(36c) On-Line Studies of Pd Based Sorbents for the Removal of Gaseous Metal Contaminants: Capture and Regeneration
- Conference: AIChE Spring Meeting and Global Congress on Process Safety
- Year: 2010
- Proceeding: 2010 Spring Meeting & 6th Global Congress on Process Safety
- Group: Advanced Fossil Energy Utilization
- Time: Monday, March 22, 2010 - 3:20pm-3:45pm
The Integrated Gasification Combined Cycle (IGCC) is a promising technology for the future use of coal to provide clean energy in a more efficient manner. During this process, many of the trace elements present in coal are volatilized, and remain in the gas phase through the gas turbine, only to be released in the resulting flue gas. Trace metals are of particular environmental concern, and thermodynamic studies have indicated that Hg (as elemental Hg), Se (as hydrogen selenide, H2Se) and As (as arsine, AsH3), as well as P (as phosphine, PH3) will be present as gaseous metal species. While mercury has long been of concern, there is increasing evidence that the other trace metals will have a significant environmental impact if coal continues to be a primary source of energy as expected. It is desirable to have regenerable sorbents for the removal of trace contaminants from high temperature syngas, in order to preserve the high thermal efficiency of the IGCC Process. While a number of sorbents, catalysts, scrubber solutions, and irradiation techniques have been developed for the capture of mercury, including activated carbons, Thief Process carbons, wet scrubbers, precious metal catalysts, and ultraviolet light at 253.7-nm, these sorbents and techniques will likely show limited capability when exposed to the other trace metal contaminants at elevated temperatures. In this study, Pd-Al2O3 sorbents have been studied under a variety of relevant conditions.
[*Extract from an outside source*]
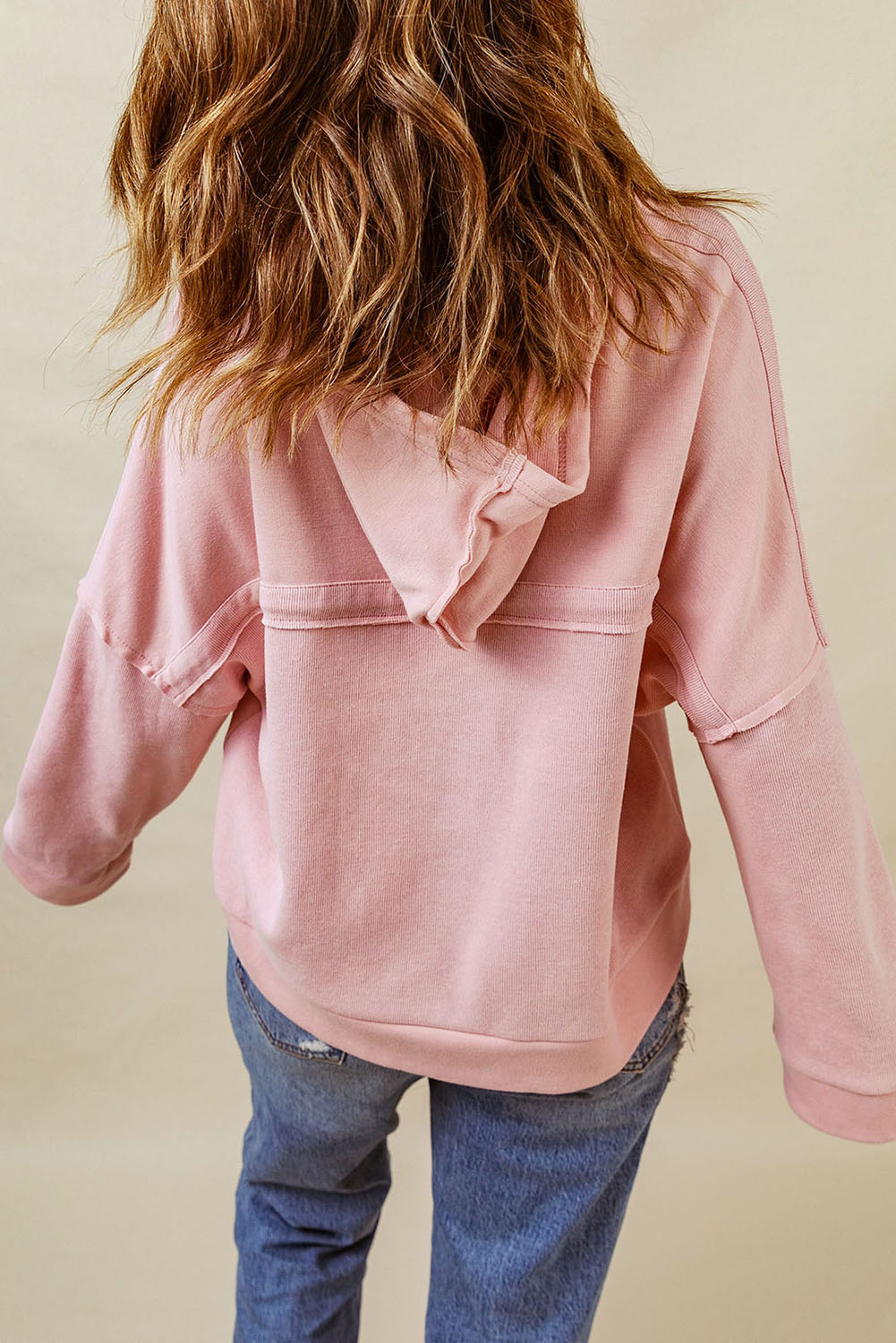 Sweat à capuche décontracté avec boutons et bordure en patchwork uni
The 350-minute sorption capacity of sorbents with several different Pd loading capacities, and at 3 relevant temperatures, were studied using a 10 mg packed bed column, followed by digestion and analysis using ICP-AES. The sorbent were characterized after exposure to the contaminants was observed using XRD and XPS. Breakthrough curves for each of the contaminants were developed on 20% Pd/Al2O3 to demonstrate complete removal, and on 2% Pd/Al2O3, to determine maximum loading capacity, using real-time analysis of removal using a commercial GC/ion trap MS system. The influence of multiple contaminants was explored by performing breakthrough curves with multiple contaminants present. Thermal regeneration of the used 2% Pd/Al2O3 sorbents at 550°C, has also been studied.